First generation Solid State Drives were notorious for issues such as performance deterioration over time or a low life expectancy. Things have improved with every new generation of drives and technologies up to a point where many of those issues do not play a big role or any role at all anymore.
While that is the case, it is still important o know the strengths and weaknesses of SSDs. While performance is excellent, deterioration not such an issue anymore and the Gigabyte per Dollar rating also improving, life expectancy may still be an issue.
Solid State Drives allow for a finite number of writes and while that number has improved significantly, it is still important to understand that these drives don't last forever.
The popular Samsung Evo 840 120 GB drive for instance will last 28 years if you write 10 Gigabyte of data to it per day. That's a long time if you do not hit that 10 Gigabyte mark. If you write 20 GB on the other hand, that number halves to 14 years, while 40 GB per day drop the number to 7 years.
So, it depends largely on how much data is written to the device on average.
SSDReady is a free program for the Windows operating system that takes that into account. It monitors all write operations on a drive to compute the drive's approximate life time.

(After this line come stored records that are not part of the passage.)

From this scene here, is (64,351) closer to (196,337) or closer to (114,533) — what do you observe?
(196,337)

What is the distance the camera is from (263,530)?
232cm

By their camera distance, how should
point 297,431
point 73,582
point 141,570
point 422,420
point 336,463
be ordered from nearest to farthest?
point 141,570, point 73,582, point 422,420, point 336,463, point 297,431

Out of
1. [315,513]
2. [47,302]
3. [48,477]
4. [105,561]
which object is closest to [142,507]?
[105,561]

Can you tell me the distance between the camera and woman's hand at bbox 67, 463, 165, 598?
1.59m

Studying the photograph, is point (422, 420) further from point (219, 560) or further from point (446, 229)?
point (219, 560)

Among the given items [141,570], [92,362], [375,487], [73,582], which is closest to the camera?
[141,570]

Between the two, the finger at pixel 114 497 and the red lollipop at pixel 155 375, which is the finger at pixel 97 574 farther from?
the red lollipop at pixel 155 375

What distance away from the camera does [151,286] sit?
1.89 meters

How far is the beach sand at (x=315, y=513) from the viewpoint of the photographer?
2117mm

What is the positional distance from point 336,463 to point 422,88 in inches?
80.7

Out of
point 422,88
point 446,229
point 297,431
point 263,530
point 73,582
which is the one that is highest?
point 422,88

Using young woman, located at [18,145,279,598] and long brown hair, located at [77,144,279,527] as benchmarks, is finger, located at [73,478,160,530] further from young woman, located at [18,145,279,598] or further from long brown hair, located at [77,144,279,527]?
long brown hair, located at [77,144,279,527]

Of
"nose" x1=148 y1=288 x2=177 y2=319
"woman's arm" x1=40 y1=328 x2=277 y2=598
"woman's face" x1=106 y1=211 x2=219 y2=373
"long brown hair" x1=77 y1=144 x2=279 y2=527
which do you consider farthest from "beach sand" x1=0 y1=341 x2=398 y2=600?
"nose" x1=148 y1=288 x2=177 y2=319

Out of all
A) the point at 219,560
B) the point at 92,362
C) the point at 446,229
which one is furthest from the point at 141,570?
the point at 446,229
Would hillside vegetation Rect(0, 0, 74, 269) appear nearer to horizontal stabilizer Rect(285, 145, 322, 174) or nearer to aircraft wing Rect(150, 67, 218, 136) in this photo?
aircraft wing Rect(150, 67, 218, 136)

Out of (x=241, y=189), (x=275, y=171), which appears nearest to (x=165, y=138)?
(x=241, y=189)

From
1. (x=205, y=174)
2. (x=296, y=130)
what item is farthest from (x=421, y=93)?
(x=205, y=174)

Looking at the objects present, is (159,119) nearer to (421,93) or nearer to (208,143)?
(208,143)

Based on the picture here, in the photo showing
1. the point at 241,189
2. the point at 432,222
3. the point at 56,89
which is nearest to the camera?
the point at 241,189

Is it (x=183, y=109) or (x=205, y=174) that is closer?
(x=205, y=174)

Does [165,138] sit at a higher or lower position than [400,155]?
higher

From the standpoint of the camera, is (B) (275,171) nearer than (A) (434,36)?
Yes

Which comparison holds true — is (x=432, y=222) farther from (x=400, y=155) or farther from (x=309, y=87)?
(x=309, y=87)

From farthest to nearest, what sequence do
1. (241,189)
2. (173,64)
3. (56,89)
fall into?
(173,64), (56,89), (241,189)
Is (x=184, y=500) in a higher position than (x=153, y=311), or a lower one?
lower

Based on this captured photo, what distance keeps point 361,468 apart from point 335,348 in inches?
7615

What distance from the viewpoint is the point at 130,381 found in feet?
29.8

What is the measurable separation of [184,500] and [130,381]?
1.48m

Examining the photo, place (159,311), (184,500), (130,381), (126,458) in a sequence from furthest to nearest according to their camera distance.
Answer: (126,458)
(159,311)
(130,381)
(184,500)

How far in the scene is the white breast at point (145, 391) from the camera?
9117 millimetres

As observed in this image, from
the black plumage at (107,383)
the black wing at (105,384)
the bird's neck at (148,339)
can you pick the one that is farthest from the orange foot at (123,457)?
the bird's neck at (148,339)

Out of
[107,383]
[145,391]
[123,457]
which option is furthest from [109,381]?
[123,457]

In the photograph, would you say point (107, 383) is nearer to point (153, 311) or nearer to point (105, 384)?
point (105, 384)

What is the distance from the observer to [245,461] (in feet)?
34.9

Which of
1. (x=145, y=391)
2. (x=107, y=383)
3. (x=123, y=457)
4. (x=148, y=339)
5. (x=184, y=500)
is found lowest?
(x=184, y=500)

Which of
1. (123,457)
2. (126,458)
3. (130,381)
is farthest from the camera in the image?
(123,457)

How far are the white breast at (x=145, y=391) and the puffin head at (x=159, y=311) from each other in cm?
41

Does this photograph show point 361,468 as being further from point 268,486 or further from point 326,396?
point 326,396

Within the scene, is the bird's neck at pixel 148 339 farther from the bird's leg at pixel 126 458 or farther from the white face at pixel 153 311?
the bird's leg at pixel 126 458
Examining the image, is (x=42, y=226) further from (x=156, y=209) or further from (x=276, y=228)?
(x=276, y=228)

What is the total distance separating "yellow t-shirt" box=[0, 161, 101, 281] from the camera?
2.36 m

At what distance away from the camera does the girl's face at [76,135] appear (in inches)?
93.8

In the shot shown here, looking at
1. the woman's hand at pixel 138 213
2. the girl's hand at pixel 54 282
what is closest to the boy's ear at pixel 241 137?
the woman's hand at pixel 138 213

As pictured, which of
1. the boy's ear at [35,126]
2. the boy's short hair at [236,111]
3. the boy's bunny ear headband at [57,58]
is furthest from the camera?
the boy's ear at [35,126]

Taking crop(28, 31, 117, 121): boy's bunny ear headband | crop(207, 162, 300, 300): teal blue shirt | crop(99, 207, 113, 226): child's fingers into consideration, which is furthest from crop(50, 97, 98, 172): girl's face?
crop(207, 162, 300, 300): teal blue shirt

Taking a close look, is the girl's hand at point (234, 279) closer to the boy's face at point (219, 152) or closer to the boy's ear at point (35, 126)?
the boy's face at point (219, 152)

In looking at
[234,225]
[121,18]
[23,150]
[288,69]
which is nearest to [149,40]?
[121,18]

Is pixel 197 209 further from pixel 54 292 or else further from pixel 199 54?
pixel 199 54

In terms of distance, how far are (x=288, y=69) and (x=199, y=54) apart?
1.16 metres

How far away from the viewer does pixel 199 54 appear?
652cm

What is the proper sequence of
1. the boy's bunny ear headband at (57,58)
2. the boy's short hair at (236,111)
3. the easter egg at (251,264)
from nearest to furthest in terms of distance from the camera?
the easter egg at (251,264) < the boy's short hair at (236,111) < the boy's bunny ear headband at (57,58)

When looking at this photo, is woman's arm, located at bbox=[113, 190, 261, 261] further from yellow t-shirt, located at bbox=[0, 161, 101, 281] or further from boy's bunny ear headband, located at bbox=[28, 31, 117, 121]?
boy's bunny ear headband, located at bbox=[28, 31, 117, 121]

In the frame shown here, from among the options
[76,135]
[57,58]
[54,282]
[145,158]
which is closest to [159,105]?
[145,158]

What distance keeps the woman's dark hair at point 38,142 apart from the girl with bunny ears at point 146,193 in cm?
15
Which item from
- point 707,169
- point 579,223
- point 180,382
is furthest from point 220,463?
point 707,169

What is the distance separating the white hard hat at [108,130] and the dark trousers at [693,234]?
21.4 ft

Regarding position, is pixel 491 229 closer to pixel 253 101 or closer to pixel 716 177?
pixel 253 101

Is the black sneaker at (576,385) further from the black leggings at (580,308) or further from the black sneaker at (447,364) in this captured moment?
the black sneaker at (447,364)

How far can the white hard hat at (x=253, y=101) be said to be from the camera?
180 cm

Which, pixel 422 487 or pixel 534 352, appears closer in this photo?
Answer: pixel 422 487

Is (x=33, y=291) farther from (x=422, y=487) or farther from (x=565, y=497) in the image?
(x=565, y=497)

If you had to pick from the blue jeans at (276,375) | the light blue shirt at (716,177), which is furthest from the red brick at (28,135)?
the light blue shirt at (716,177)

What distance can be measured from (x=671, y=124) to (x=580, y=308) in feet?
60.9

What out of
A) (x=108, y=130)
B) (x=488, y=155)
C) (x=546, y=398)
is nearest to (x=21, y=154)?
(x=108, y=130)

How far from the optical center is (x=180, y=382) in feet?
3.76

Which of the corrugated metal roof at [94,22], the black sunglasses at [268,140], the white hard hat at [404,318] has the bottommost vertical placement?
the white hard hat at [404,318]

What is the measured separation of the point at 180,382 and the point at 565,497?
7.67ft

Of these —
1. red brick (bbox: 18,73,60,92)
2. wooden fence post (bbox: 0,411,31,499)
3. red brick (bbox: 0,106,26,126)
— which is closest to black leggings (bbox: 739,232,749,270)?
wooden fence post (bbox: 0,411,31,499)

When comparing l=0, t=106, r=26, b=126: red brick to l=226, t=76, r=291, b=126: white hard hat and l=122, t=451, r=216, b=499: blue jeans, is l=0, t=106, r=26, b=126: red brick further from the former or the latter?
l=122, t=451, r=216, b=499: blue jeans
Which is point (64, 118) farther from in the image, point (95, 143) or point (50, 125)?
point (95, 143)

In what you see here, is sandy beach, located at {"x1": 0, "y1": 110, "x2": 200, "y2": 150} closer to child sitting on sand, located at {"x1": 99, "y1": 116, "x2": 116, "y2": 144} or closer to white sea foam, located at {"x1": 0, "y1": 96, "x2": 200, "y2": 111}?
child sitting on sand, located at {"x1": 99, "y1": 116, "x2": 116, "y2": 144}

After you have started the application you need to hit the start button to start the monitoring. Values such as total writes and reads are recorded as are projections for the whole day.
The program uses the values to calculate the approximate life of a 40 Gigabyte modern SSD Drive. While that is not all that useful, you can click on the estimate SSD life button to get better values on the developer website where it highlights the approximate lifetime for popular drives from Intel, Crucial or Western Digital.

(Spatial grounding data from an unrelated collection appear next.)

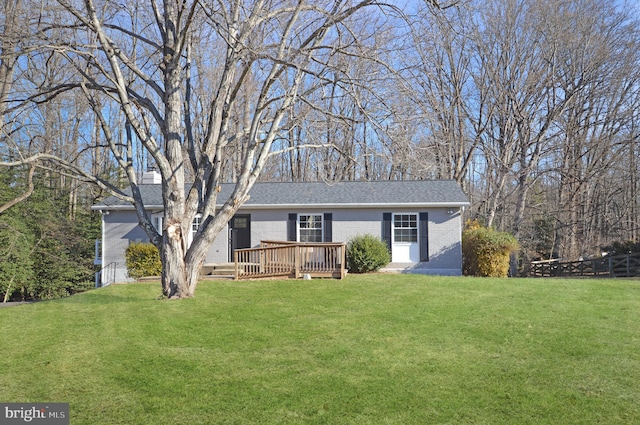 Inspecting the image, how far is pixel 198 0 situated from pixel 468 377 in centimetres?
761

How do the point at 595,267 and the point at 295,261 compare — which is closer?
the point at 295,261

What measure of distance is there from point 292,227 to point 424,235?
470 centimetres

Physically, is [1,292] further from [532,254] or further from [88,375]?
[532,254]

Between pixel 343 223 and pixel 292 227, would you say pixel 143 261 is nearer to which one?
pixel 292 227

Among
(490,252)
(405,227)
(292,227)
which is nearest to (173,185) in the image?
(292,227)

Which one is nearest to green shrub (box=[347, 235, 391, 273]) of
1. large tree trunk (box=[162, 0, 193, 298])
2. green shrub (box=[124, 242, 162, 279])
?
green shrub (box=[124, 242, 162, 279])

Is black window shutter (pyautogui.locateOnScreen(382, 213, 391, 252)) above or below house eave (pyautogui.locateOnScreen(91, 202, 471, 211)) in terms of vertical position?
below

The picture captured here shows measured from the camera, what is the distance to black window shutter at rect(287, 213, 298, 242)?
18.5 metres

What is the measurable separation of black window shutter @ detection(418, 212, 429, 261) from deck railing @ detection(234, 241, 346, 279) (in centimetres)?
384

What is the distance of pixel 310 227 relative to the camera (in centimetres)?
1862

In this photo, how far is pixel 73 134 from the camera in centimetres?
2792

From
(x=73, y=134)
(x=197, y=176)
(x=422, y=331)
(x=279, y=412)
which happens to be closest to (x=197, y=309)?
(x=197, y=176)

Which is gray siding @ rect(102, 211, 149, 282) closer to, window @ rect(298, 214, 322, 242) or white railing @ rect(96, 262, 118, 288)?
white railing @ rect(96, 262, 118, 288)

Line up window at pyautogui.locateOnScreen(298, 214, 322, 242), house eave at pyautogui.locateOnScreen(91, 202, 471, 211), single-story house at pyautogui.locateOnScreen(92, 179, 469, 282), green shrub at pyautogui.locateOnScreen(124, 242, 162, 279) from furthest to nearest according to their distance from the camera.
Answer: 1. window at pyautogui.locateOnScreen(298, 214, 322, 242)
2. single-story house at pyautogui.locateOnScreen(92, 179, 469, 282)
3. house eave at pyautogui.locateOnScreen(91, 202, 471, 211)
4. green shrub at pyautogui.locateOnScreen(124, 242, 162, 279) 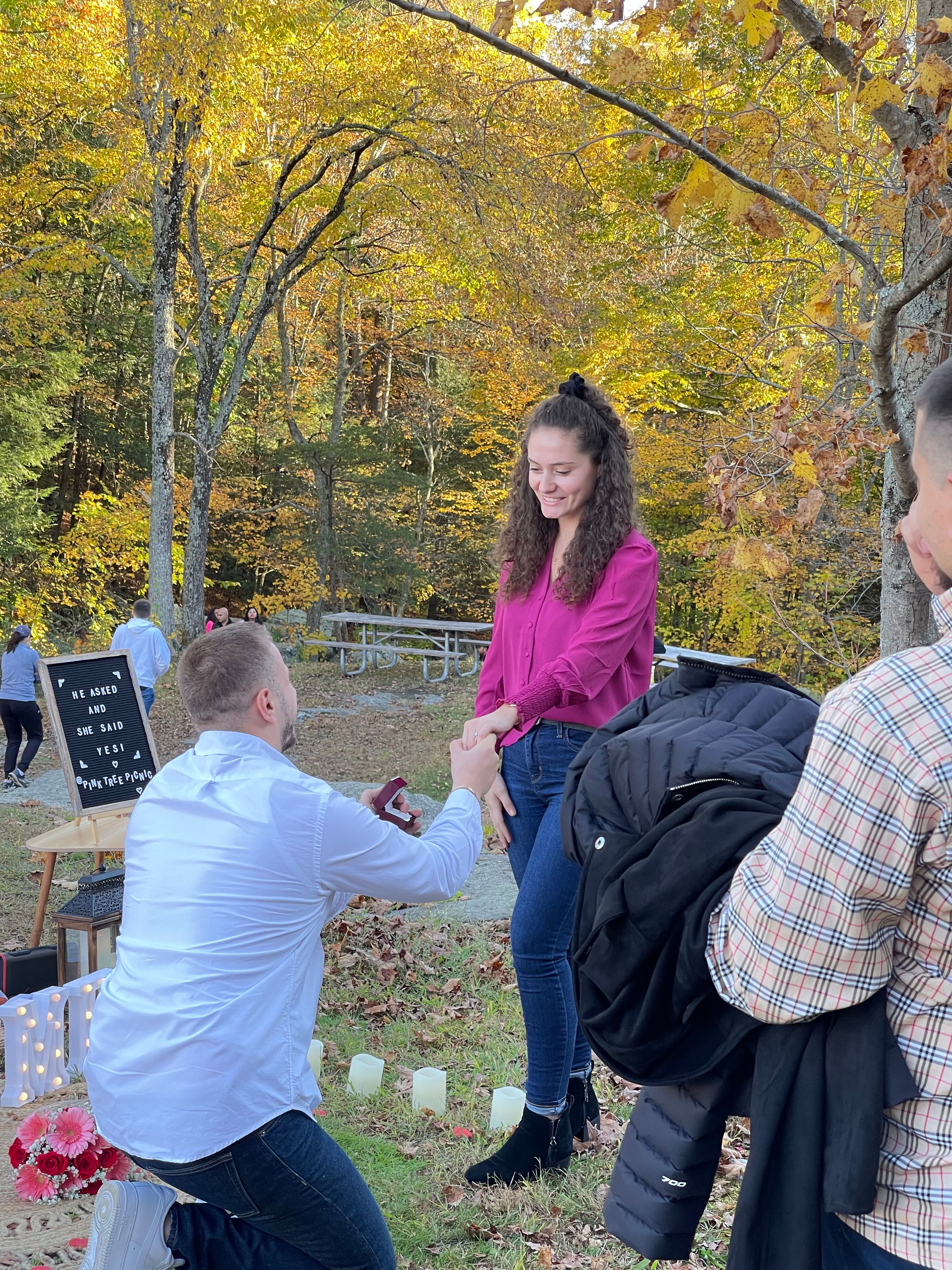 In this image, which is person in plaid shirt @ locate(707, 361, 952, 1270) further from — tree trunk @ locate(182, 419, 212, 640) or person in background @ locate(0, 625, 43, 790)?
tree trunk @ locate(182, 419, 212, 640)

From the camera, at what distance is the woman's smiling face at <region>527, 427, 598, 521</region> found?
2.96 metres

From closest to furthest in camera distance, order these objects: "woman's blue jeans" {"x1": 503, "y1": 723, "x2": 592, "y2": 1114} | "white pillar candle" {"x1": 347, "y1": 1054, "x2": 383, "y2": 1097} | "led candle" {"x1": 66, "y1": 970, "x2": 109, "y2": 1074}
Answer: "woman's blue jeans" {"x1": 503, "y1": 723, "x2": 592, "y2": 1114}
"white pillar candle" {"x1": 347, "y1": 1054, "x2": 383, "y2": 1097}
"led candle" {"x1": 66, "y1": 970, "x2": 109, "y2": 1074}

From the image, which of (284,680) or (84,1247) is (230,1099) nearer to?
(284,680)

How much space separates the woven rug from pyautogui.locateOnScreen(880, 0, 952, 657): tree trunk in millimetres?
2656

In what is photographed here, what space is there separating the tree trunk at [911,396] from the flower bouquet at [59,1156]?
2.64m

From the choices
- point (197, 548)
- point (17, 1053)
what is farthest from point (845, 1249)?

The main problem here is that a 40 GB SSD is not really standard anymore. It would make sense if the developers would at least use a 120 Gigabyte drive instead for their calculations as they would surely be more accurate then.
While that is the case, they won't reveal the exact life time after all, but you get an approximation that you can work with. What you may be able to do though is visit the manufacturers site and see if information are provided on it about the device's life time.
You can use the other information that SSDReady makes available to calculate values that are more accurate.
The professional version of the application adds several interesting features to it. It sorts the processes by data written to the Solid State Drive for instance which you can use to reduce the write operations on the drive.
SSDReady is a handy program even though its life estimation is not using the installed Solid State Drive's size or manufacturer information to compute the life expectancy. It would make a whole lot of sense to add a database of known SSDs to the program and use the actual size of the drive to calculate the life expectancy of it.